Local Lipschitz Constant Computation of ReLU-FNNs: Upper Bound Computation with Exactness Verification
Yoshio Ebihara, Xin Dai, Victor Magron, Dimitri Peaucelle, Sophie Tarbouriech
TL;DR
This work presents a comprehensive framework for computing local Lipschitz constants of ReLU-FNNs by formulating the upper bound as a semidefinite program using copositive multipliers. A dual SDP-based exactness verification is developed to certify when the computed bound is exact, and an exact model-reduction method enables scalability to networks with hundreds of ReLUs. The methodology is demonstrated on academic toy networks and a practical MNIST-style classifier, showing exactness in several cases and substantial reduction in problem size without sacrificing accuracy. The results advance robustness certification by providing tight bounds and scalable tools for local sensitivity analysis of ReLU networks, with future work aimed at extending to the $L_ ext{∞}$ setting.
Abstract
This paper is concerned with the computation of the local Lipschitz constant of feedforward neural networks (FNNs) with activation functions being rectified linear units (ReLUs).
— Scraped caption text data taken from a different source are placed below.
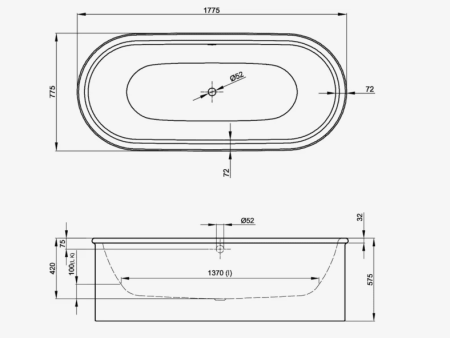 Стальная ванна Bette Suno Oval 177x77 2740-000 CFXXSR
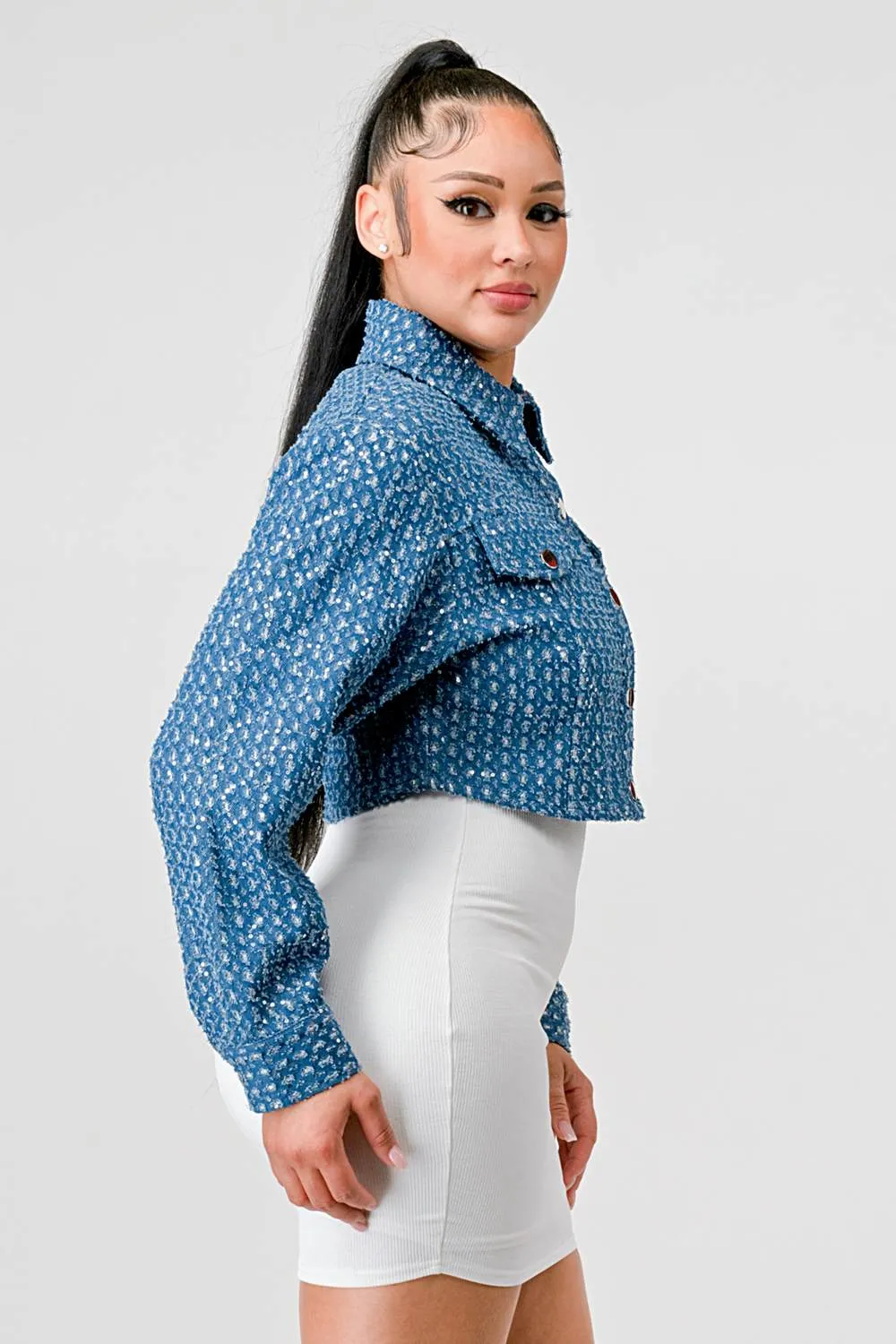 DISTRESS DENIM SEQUINS TEXTURE CROPPED JACKET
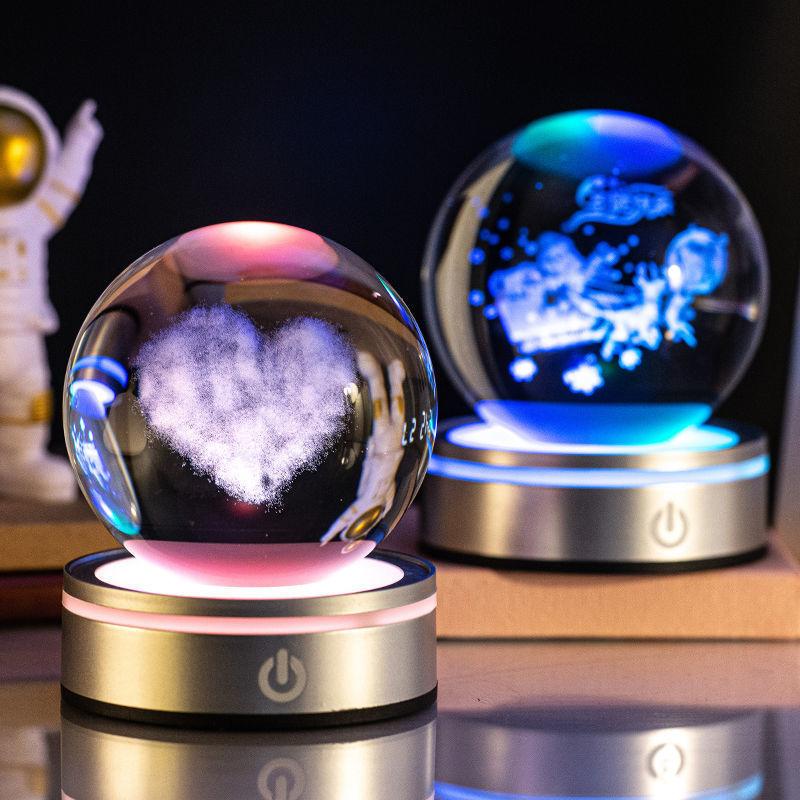 Colorful LED Crystal Ball Night Light – 3D Illusion Table Lamp Home Decor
The local Lipschitz constant of an FNN for a target input is a reasonable measure for its quantitative evaluation of the reliability. By following a standard procedure using multipliers that capture the behavior of ReLUs,we first reduce the upper bound computation problem of the local Lipschitz constant into a semidefinite programming problem (SDP). Here we newly introduce copositive multipliers to capture the ReLU behavior accurately. Then, by considering the dual of the SDP for the upper bound computation, we second derive a viable test to conclude the exactness of the computed upper bound. However, these SDPs are intractable for practical FNNs with hundreds of ReLUs. To address this issue, we further propose a method to construct a reduced order model whose input-output property is identical to the original FNN over a neighborhood of the target input. We finally illustrate the effectiveness of the model reduction and exactness verification methods with numerical examples of practical FNNs.